After the earthquake of the referendum, the got more clarity from the political landscape in the UK. With responsibility, Andrea Leadsom stepped down leaving the option for Theresa May to become the next Prime Minister. At least, now, we know who is going to negotiate the terms of the divorce with the EU. However, as nobody expecting such result, nobody is ready to put on the table an agenda, and anyone has an idea about the first topic to discuss it. Indeed, it is just the beginning of a long trip, but at least, the UK has a pilot. However, more volatility can be expected from new developments and likely the Pounds and small and medium caps equities are going to know an uncertain time.
The Brexit shadowed some important events In the European Union. The IMF warns about the critical situation of the Italian banking system, where authority is dealing with about 360 billion euros of troubled loans. According to the IMF, Italian’s economic recovery is subject to risks, with growth projected to reach 1.1 percent this year and 1.3 percent in 2017. In the meantime, the public debt has reached 133 percent of GDP, “a level that limits the fiscal space to respond to shocks”, according to the IMF. Parallelly, the Italian political stability will be challenged in September or October. Prime Minister Matteo Renzi is staking his career on a referendum to overhaul the political system.
In Spain, Mariano Rajoy still did not have a majority to govern the country. A third election becomes more likely day after day. Following the French parliament vote on a new Labour law this month, the IMF criticised the rigidity of the French working market. The unemployment rate is stuck over 10 percent, roughly twice the level of the U.K. and Germany. GDP will expand 1.5 percent both this year and next, a too low level to change the labour landscape in the country. Few months before the next Presidential election, the situation leaves a boulevard to the extreme right party: the Front National.
Finally, the European Union in an unprecedented move ruled that Spain and Portugal violated EU spending limits. That paves the way for negotiations over possible financial penalties, up to 0.2 percent of respective GDP.
In the US, the last payrolls climbed by 287,000 last month, exceeding the highest estimate in a Bloomberg survey. The figures are coming after two disappointing months, and we will need to see more to have confidence that companies are staying the course on hiring in the face of weaker profits. Even with the June figure, advance, job growth over the last three months averaged 147,000, down from almost 200,000 in the first quarter. The unemployment rate remains at 4.7% and the participation rate close to its lowest historical level to 62.7 percent. Wages improved modestly, with average hourly earnings up to 2.7% from 2.6% from one year ago. The US markets sent bonds to record low yields and stocks to record highs at the same time. Flight to quality and high probability of no move from the FED are the biggest drivers of this unsustainable trend.
In Japan, Prime Minister Abe won a majority in a new election. In a television speech, he repeats his pledge for bold economic measures. He announced a new fiscal stimulus package, likely around 20 trillion yen ($192 billion). The weaker yen and the talk of fiscal stimulus are giving Japanese equities a short-term boost, which is likely to be unsustainable without structural reforms.

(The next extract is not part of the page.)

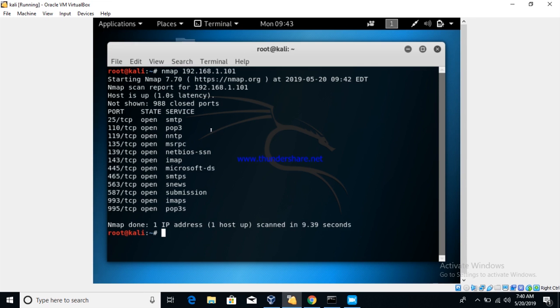And in the next video, we will show you how to do a deep Nmap scan. So till then, see you guys. Thank you.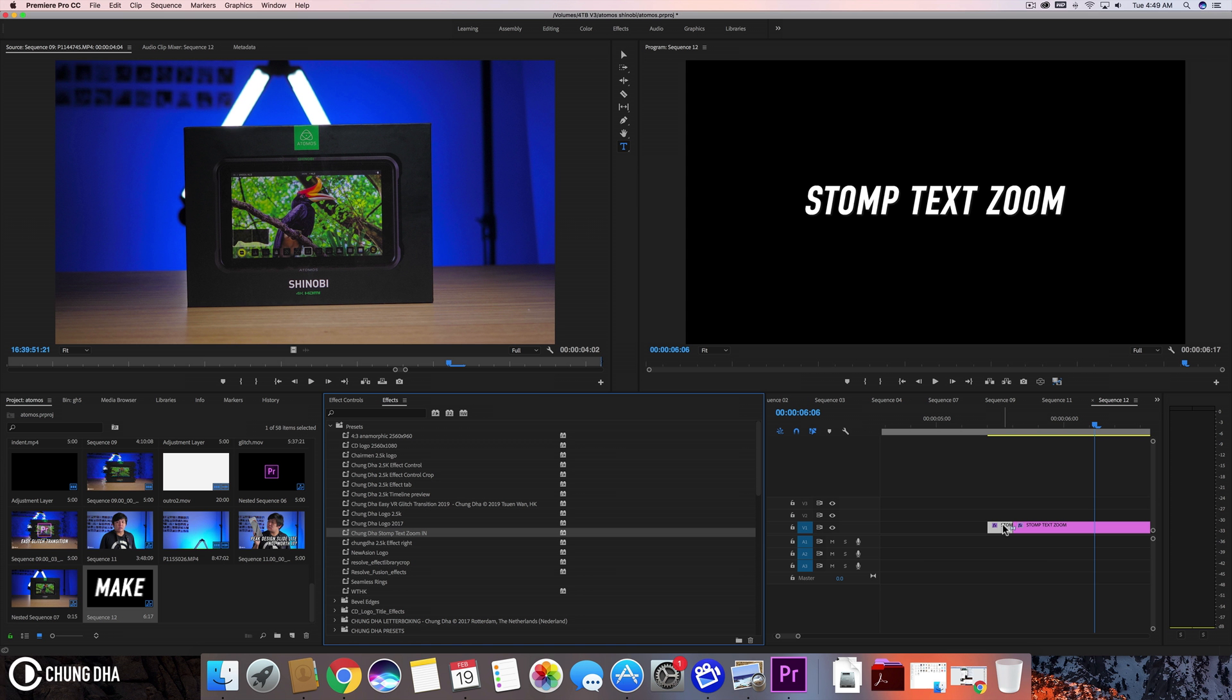Now for the preset itself. On the screen you will see a link. Just type that into your browser and go to my website, and there you will find all the instructions on how to download it and also the instructions on how to install a preset.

Fundamental prospect in developed countries decreased significantly this week. Outside Germany, economic and/or political outlook in Europe is darker than ever.
According to the IMF, in the UK, the Brexit would cost to the growth 5.5 percent off the GDP by 2019.
In the US, after six years of expansion, a full employment situation, decreasing profit forecast and few months before a presidential election, the probability of a recession is quite high.
Finally, in Japan, the government continues a politic which did not work, and it will not function without structural reforms.
The government has left the job to the Central Banks, which are going to continue injecting massive liquidity into developed economies. On the short and medium term, equity market will take advantage of this situation with an increase in volatility. This movement is not grounded on fundamental reasons, and it is in nature unsustainable.